GS: Do you expect to see a wave of clones hitting Xbox One?
A: It's hard to say. I don't have the industry background to make those kind of predictions. We don't want too much competition too soon! I think you'll definitely see other confident software companies trying to come up with, "How can we compete in that market," and understanding how those economics work, and how they can make money off of that. If people can make money off of it, they're going to do it.
GS: The MOBA community sometimes draws criticism for being quite toxic. What are you doing to curb toxic behaviour on the Xbox One version of the game?

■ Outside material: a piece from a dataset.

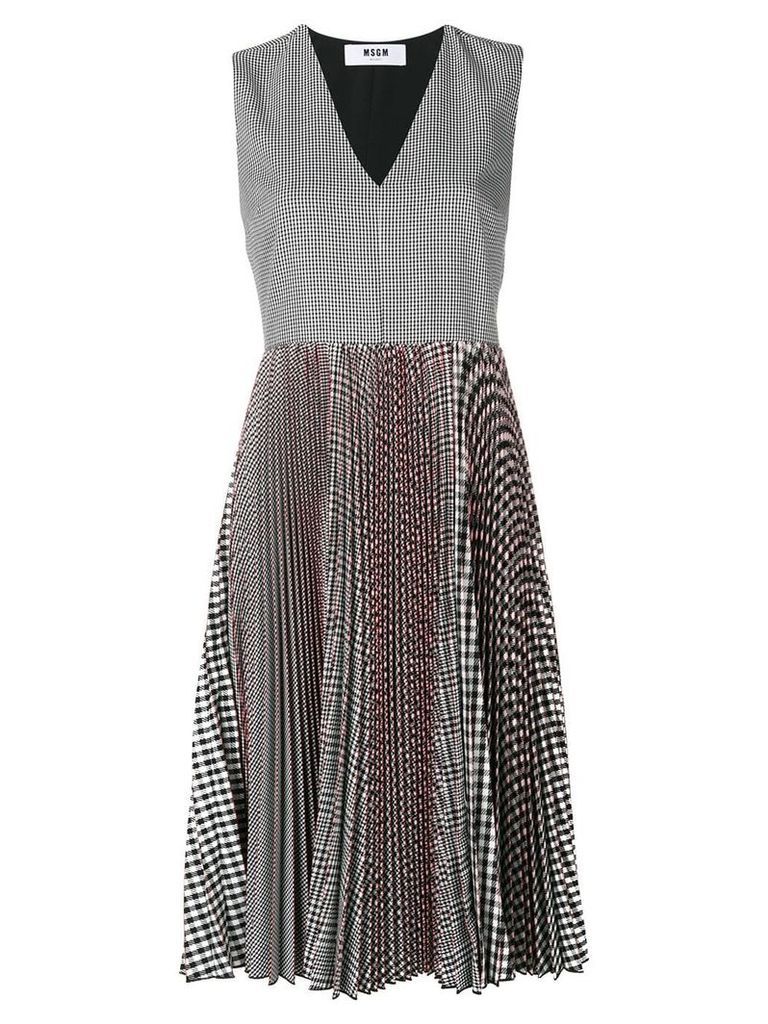 MSGM checked pleated dress - Multicolour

A: We have the ability to mute. We have a feature where you can mute people with a bad reputation automatically. You just set that up and if you go on the game and someone has a bad reputation, they're muted automatically. That's a Microsoft setting, not our setting. You can mute individual players or mute all players so you don't have to deal with [voice chat] if you don't want to. It allows you to do a combination of face buttons to initiate commands for strategy in the game; like attack right lane, attack left lane, call missing right lane. So that way of communication means you usually do not have to deal with the voice interaction. I've actually been surprised at the lack of people using voice in the game so far. I hope people get over that fear, I'm guessing that's more of an Xbox systemic thing. I assume on consoles in general that people aren't using voice as much as I thought they would… I think you'll find in general that people are pretty nice, and if they're not, just mute them.
The Smite community in general is not as toxic as others… I think people are embracing the fact that MOBA is new and people are new to this. I think they are more patient than maybe they would be if you were playing a game for two years. You may not be as patient as, "hey this is all new to everybody."
GS: There are players migrating over from the PC version who are more knowledgeable and experienced, versus people coming to the game completely new. Will there be a system in place to ensure that people get matched up correctly?
A: Absolutely. We're initiate the same matchmaking that we have for the PC side of things… we have asked people to be patient with us because it's absolutely been a challenge. You've got two things that are being factored in. One, you might be a ranked player that comes into the Xbox version but to the Xbox system you're brand new. And until you've played a certain number of games we're not really sure how great you're going to be. So you come in at the same level as someone else who's brand new, but they're truly new. To the system you're both brand new players, they don't know how good you are. The other thing we're challenged with, intentionally during the Alpha and Beta we're limiting the number of players at one time. The fewer people you have, the worse your matchmaking is going to be. Unless you want to wait a really long time for a match, you're going to have to balance the [win] rate versus how quick of a match you can get. We've already seen our matchmaking improve a lot as we got more people in the game.
GS: Is there any friendly rivalry in the office between the team who works on the PC version of the game, and the Xbox One version of the game?
A: There's really not a rivalry. It's interesting because it's a challenge trying to get the content that's on the PC version out on the Xbox One as close as we can to the PC release. We'll probably always be three to four weeks behind the PC. Right now we're a little bit further than that because we're still developing the foundation of some of the game and features, so the content sometimes has to wait. Once we're live and we're launched, we should be about three weeks behind. There's not really a rivalry per se, I actually think more will develop over time, but it's fun. We have a good time.